Rentang waktu tersebut merupakan batas waktu yang dapat kita gunakan untuk melakukan ibadah harian. Namun tidak berarti kita harus melakukan ibadah harian selama rentang waktu tersebut. Misalkan Ibadah pagi rentang waktunya adalah 3 jam yaitu dari pukul 5 sampai 8 pagi. Tidak berarti kita harus melakukan ibadah selama 3 jam. Kita dapat melakukan ibadah pagi di antara pukul 5 sampai 8 pagi.

Anda dapat melakukan setiap ibadah harian dari 5 menit sampai 30 menit. Tidak ada batasan berapa lama waktu yang Anda gunakan untuk melakukan Ibadah Harian baik itu Ibadah Pagi, Ibadah Siang maupun Ibadah Malam.

Ibadah Harian perlu dijadwalkan dalam jadwal yang tetap supaya bila Anda tidak melakukannya Anda teringat bahwa Anda belum melakukannya. Kalau tidak ada jadwal yang tetap, maka Anda melakukannya atau tidak melakukannya tidak ada bedanya. Sebab boleh dilakukan kapan-kapan saja.Sama seperti kalau Anda ke dokter karena batuk. Anda diberi resep dan Anda beli obatnya di apotik. Di botol obat ditulis: "Diminum kalau batuk." Artinya kalau batuk baru Anda ingat untuk meminumnya. Kalau tidak batuk, ya tidak minum, tidak merasa perlu untuk minum dan tidak ingat untuk minum! Lain halnya kalau di botol obat ditulis minum tiga kali sehari sesudah makan. Setiap kali makan, pagi, siang dan malam, Anda tahu bahwa Anda punya kewajiban untuk minum obat itu. Kalau Anda belum meminumnya Anda akan tahu bahwa Anda belum melakukan kewajiban Anda.
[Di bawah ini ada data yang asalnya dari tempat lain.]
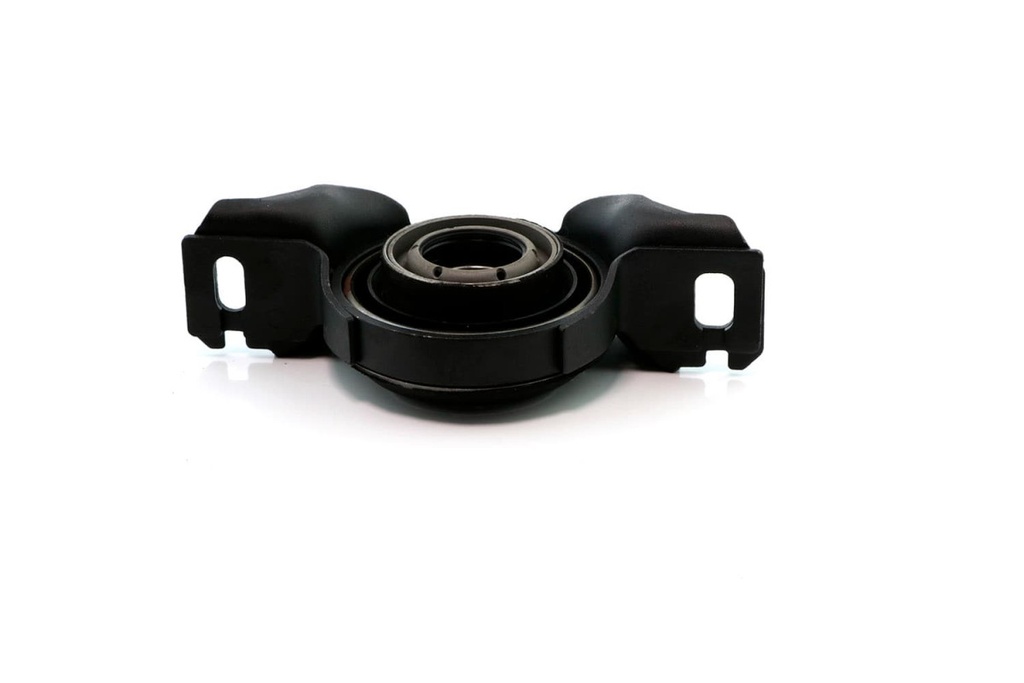 Shafer SCB-37230-20130 photo 12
Jika Anda berhalangan maka Anda tetap boleh melakukan Ibadah Harian. Waktunya dapat saja bergeser sedikit, namun Anda tahu pagi, siang dan malam Anda harus wajib memberikan waktu Anda untuk mengingat Tuhan.

Materi Ibadah Harian untuk dicetak atau di-print dapat Anda download atau unduh di website: www.ibadahharian.net atau Apps Ibadah Harian.
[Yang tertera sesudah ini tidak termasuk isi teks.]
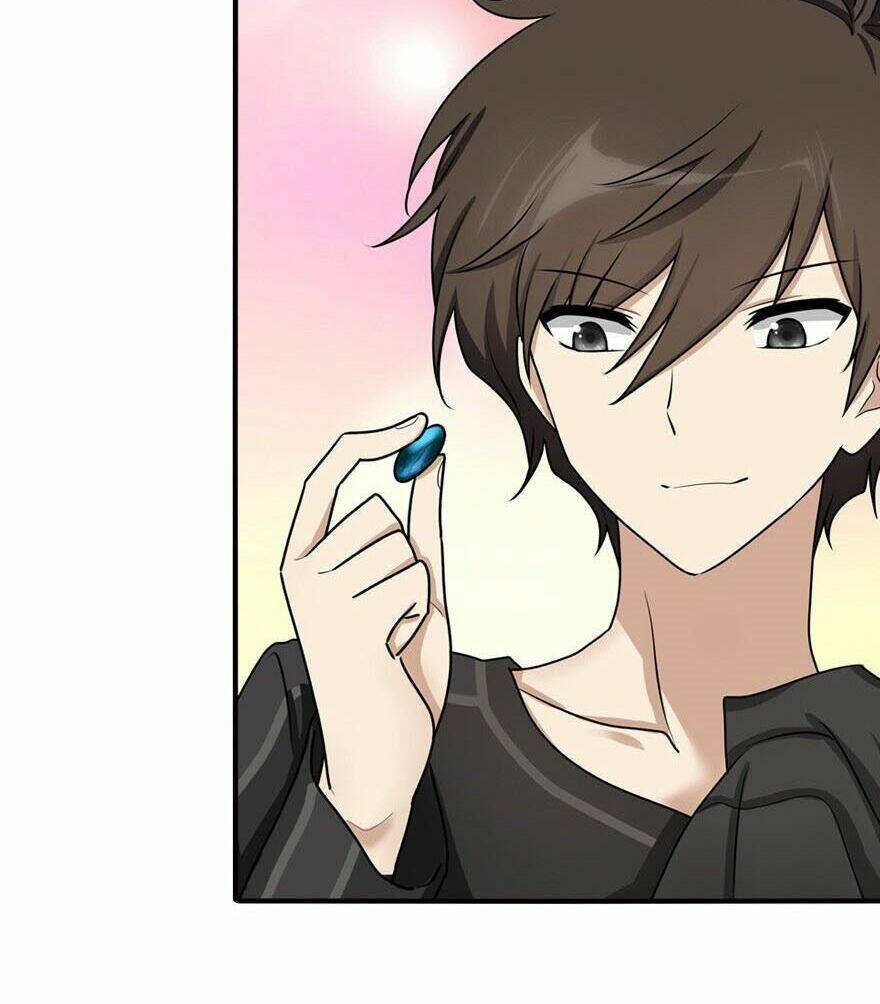 Bạn Gái Zombie Của Tôi - Chapter 44 - Page 9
Jika melihat dari definisi dan tujuan Ibadah Harian maka kita dapat menyimpulkan bahwa melakukan Ibadah harian tidaklah sama dengan melakukan devosi atau saat teduh. Ketika Anda melakukan saat teduh atau devosi, pada umumnya, penekanannya cenderung untuk “diisi hari itu” atau “memohon sesuatu bagi kebutuhan Anda”. Namun Ibadah harian lebih kepada mengingat kehadiran Tuhan di dalam hidup Anda. Selain itu Bedanya, kalau saat teduh, di pagi hari Anda membaca Alkitab, merenungkan ayat-ayat yang Anda baca, kemudian berdoa. Selesai. Sepanjang hari seringkali Anda lupa untuk bergantung kepada Tuhan. Lupa karena memang tidak merasa ada kewajiban dan jadwal yang tetap. Tidak demikian halnya dengan Ibadah Harian. Anda punya kewajiban dan punya jadwal yang tetap.
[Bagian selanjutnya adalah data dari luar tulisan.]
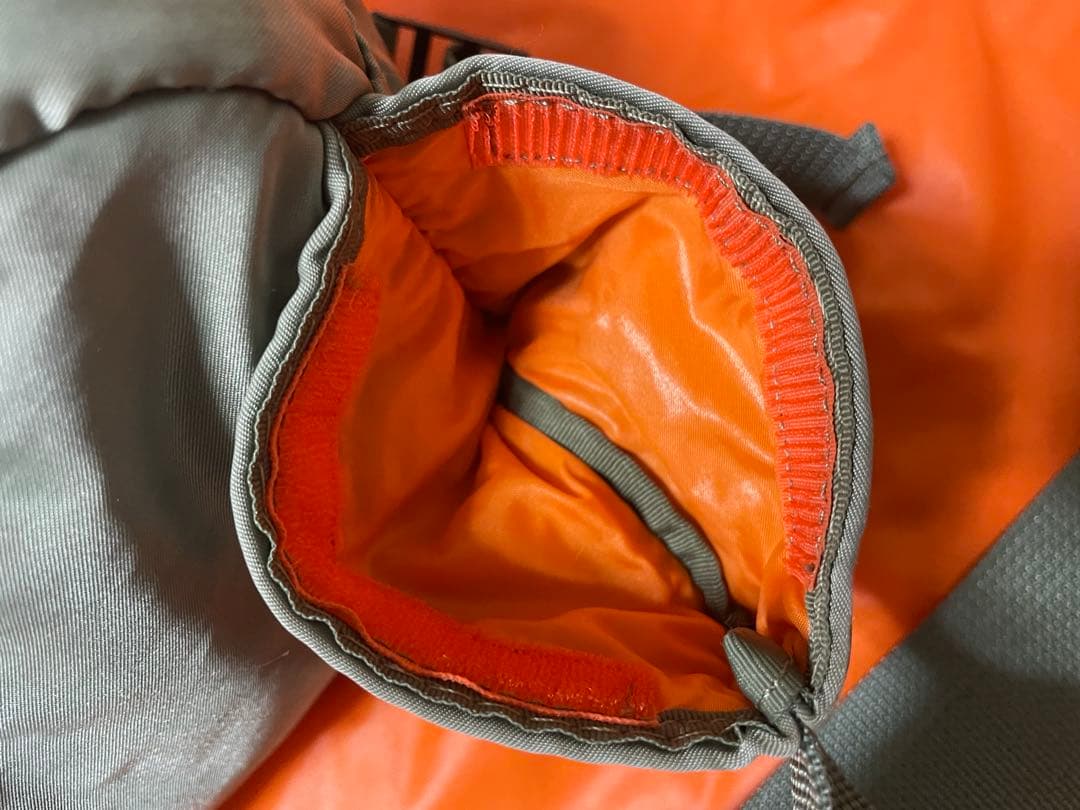 PORTER ポーター タンカー ウエストバック 希少色セージグリーン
Materi Ibadah Harian dirancang untuk dilakukan sebagai Ibadah Pribadi bukan kelompok. Namun jika diperlukan dan dirasa bermanfaat, Anda diperbolehkan menggunakannya dalam ibadah keluarga dengan melakukan beberapa penyesuaian.

Anda dapat membagikan materi Ibadah Harian kepada teman-teman Anda. Anda dapat mengarahkan teman-teman Anda untuk memperoleh materi melalui website: www.ibadahharian.net dan Apps Ibadah Harian.